Changes in lipoprotein composition during larval-pupal metamorphosis of an insect, Manduca sexta

• Published in: The Journal of biological chemistry Vol. 261; no. 2; pp. 558 - 562
• Main Authors: Prasad, S V, Ryan, R O, Law, J H, Wells, M A
• Format: Journal Article
• Language: English
• Published: Bethesda, MD Elsevier Inc 15.01.1986; American Society for Biochemistry and Molecular Biology
• Subjects: Animals; Apolipoproteins - analysis; Applied sciences; Biological and medical sciences; Carrier Proteins - analysis; Electrophoresis, Polyacrylamide Gel; Exact sciences and technology; Fundamental and applied biological sciences. Psychology; Hemolymph - analysis; Insecta; Invertebrates; Larva; Lepidoptera - physiology; Life cycle. Embryology. Development; Lipoproteins - analysis; Metamorphosis, Biological; Other techniques and industries; Physiology. Development; Ultracentrifugation; Arthropoda; Insecta; Lepidoptera; Chemical composition; Lipoprotein; Invertebrata; Sphingidae; Metamorphosis
• ISSN: 0021-9258; 1083-351X
• DOI: 10.1016/S0021-9258(17)36128-8

During the transition from the last feeding larval stage to the pupal stage of the tobacco hornworm, Manduca sexta, significant changes occur in the properties of lipophorin, the major hemolymph lipoprotein.
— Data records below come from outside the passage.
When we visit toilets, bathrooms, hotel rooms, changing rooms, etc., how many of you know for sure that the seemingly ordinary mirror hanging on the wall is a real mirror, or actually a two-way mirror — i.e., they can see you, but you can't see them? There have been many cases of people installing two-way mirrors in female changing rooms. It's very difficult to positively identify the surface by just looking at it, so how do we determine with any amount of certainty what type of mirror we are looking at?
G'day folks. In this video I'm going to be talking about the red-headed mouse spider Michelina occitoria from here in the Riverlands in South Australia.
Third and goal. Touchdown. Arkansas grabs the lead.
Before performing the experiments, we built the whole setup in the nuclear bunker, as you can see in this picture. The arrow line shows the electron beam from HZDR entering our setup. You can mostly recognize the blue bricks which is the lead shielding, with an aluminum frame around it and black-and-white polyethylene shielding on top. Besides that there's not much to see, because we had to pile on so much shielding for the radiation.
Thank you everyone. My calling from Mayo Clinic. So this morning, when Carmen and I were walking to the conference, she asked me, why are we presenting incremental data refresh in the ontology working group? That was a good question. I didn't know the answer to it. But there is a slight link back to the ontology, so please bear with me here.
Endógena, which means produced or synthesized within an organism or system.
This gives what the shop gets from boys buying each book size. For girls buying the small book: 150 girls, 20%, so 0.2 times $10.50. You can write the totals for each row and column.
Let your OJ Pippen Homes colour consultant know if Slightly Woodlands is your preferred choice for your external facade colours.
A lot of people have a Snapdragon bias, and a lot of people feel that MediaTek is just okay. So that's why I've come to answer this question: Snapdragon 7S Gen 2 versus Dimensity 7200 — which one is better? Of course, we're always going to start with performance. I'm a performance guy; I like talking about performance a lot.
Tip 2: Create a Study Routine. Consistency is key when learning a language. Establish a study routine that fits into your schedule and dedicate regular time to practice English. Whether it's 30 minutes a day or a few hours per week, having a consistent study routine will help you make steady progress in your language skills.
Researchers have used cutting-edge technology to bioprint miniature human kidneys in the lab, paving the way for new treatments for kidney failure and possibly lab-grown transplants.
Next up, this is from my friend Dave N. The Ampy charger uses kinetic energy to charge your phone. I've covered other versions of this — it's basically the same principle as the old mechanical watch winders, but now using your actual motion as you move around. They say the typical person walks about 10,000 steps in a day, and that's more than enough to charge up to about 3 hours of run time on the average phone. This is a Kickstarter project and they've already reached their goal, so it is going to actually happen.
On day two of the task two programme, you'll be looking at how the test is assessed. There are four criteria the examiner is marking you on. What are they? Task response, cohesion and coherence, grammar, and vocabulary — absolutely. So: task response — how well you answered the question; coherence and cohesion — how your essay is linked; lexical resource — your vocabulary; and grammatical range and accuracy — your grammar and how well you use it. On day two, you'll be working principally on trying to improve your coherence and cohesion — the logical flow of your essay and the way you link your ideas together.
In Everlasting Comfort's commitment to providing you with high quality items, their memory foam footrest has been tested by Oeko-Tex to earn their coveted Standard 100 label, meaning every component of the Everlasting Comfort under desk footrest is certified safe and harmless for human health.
Within the first 24 h after cessation of feeding, the larval lipophorin (HDLp-L) is first converted to a higher density form (HDLp-W2) and then HDLp-W2 is converted to a lower density form (HDLp-W1). HDLp-W1 remains in the hemolymph until pupation, when another form, HDLp-P, with a density between HDLp-W1 and HDLp-L, is present. Although all the lipophorins contain identical apoproteins, they differ in lipid content and composition; the differences in density being primarily related to diacylglycerol content. The conversion of HDLp-L to HDLp-W1 is accompanied by a loss of hydrocarbon and uptake of carotenes. These latter changes in lipophorin composition reflect alterations in cuticular lipid composition. HDLp-L was radiolabeled in the apoproteins by injecting animals with 3H-amino acids early in the last larval stage. Subsequently HDLp-L was isolated at the end of the larval stage, HDLp-W2 and HDLp-W1 were isolated during the wandering stage, and HDLp-P was isolated after pupation. The specific activity of the apoproteins in the four lipophorins was not significantly different, suggesting that the observed alterations in lipophorin properties do not require synthesis of new apoproteins but result from retailoring the lipid composition of preexisting molecules. Examination of the hemolymph of individual animals during these transitions showed that only one species of lipoprotein was present, never a mixture of two or more species. These observations suggest that the lipoprotein conversions are precisely timed and that lipoprotein metabolism during larval development and pupation cannot be considered a static process. The unique finding of these studies was that synthesis of lipophorin apoproteins proceeds actively during the first part of the fifth instar but then ceases and does not recommence during the wandering or early pupal stages.